Exercise – Starting at the line that contains "FIBONACCI IN ARCHITECTURE" and stopping at the line that contains "Лисьи пляски, хор", transcribe every line of the material below exactly; pictures stay out.

Data supplied –
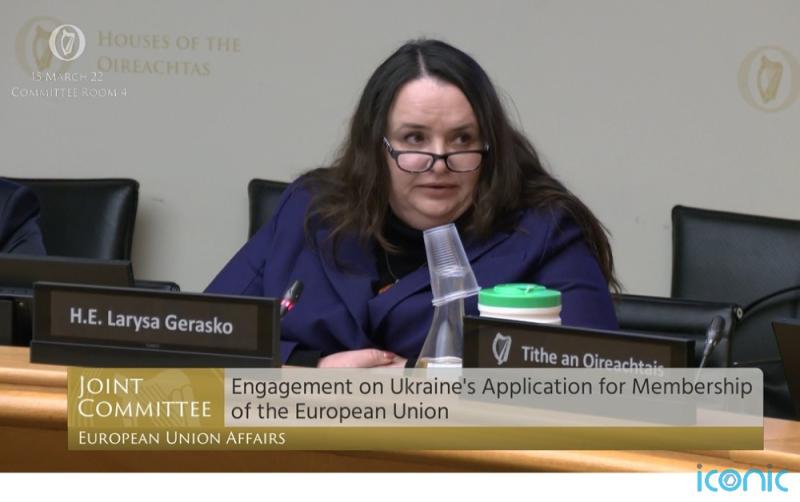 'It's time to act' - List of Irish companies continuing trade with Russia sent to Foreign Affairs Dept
--
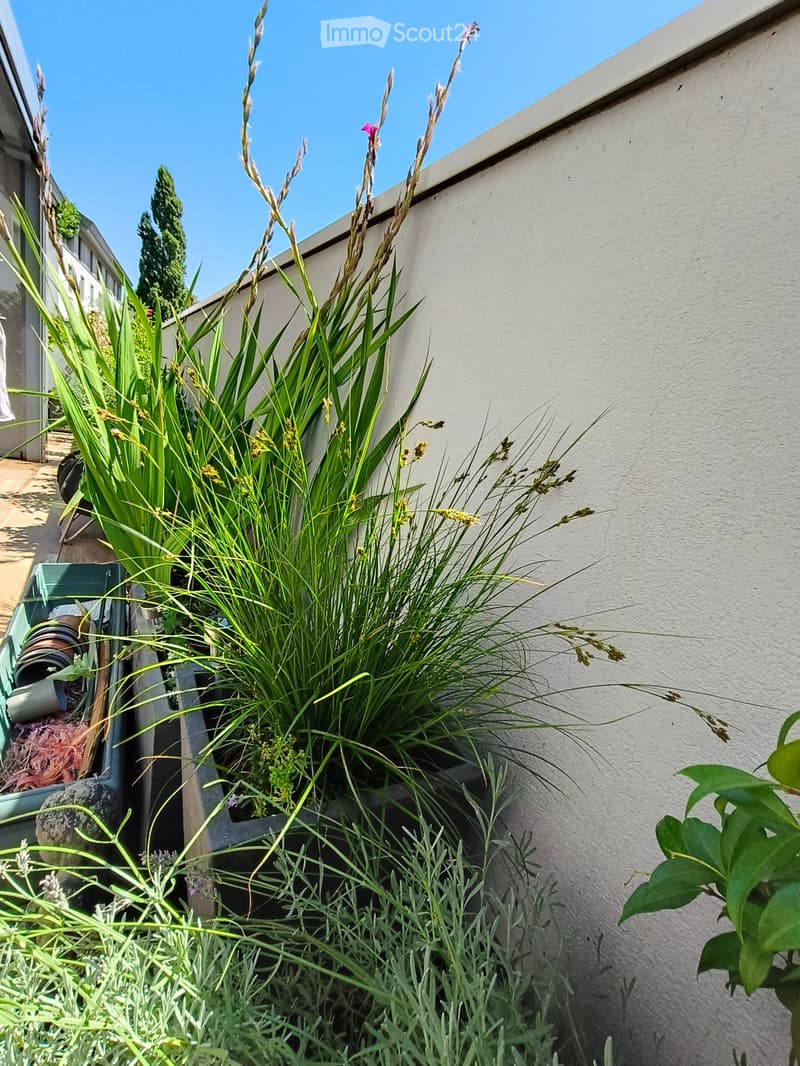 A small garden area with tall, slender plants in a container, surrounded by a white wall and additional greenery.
...
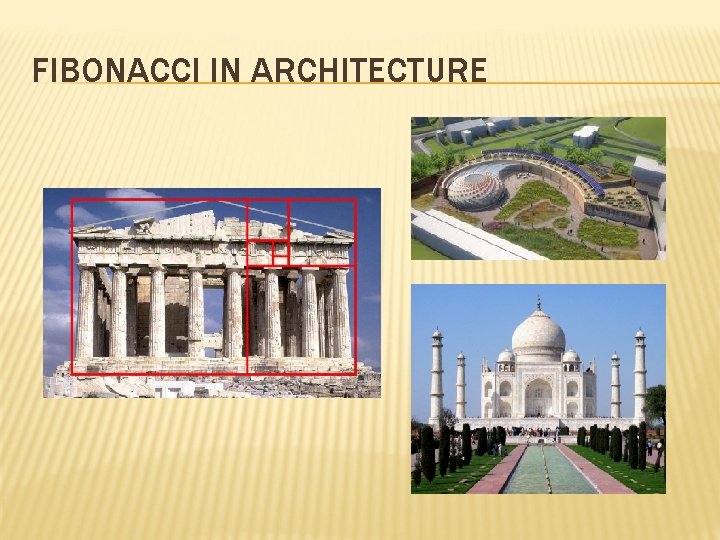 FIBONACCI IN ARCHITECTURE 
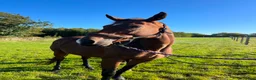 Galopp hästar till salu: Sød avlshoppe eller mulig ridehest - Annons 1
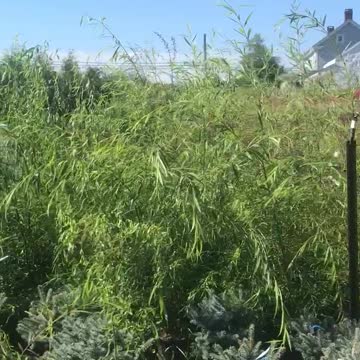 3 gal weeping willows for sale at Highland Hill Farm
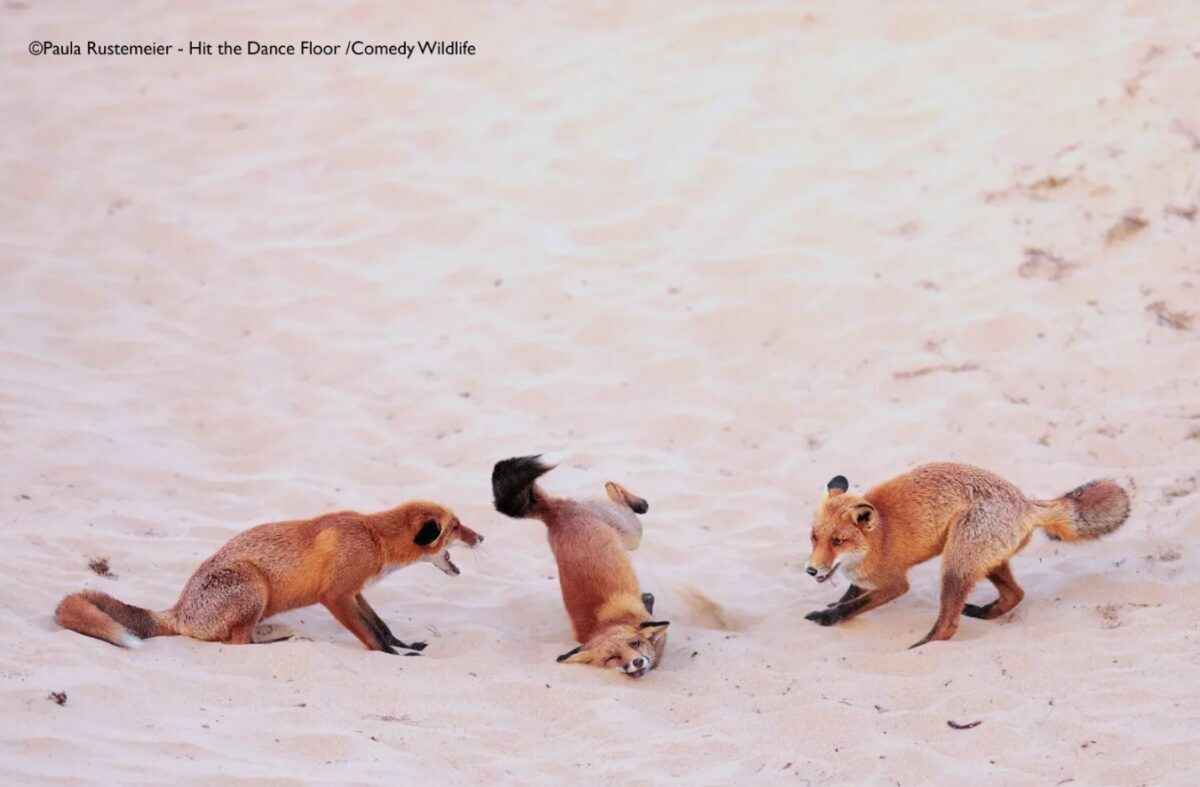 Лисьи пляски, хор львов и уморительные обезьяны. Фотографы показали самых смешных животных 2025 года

Task answer –
 FIBONACCI IN ARCHITECTURE 
 Galopp hästar till salu: Sød avlshoppe eller mulig ridehest - Annons 1
 3 gal weeping willows for sale at Highland Hill Farm
 Лисьи пляски, хор львов и уморительные обезьяны. Фотографы показали самых смешных животных 2025 года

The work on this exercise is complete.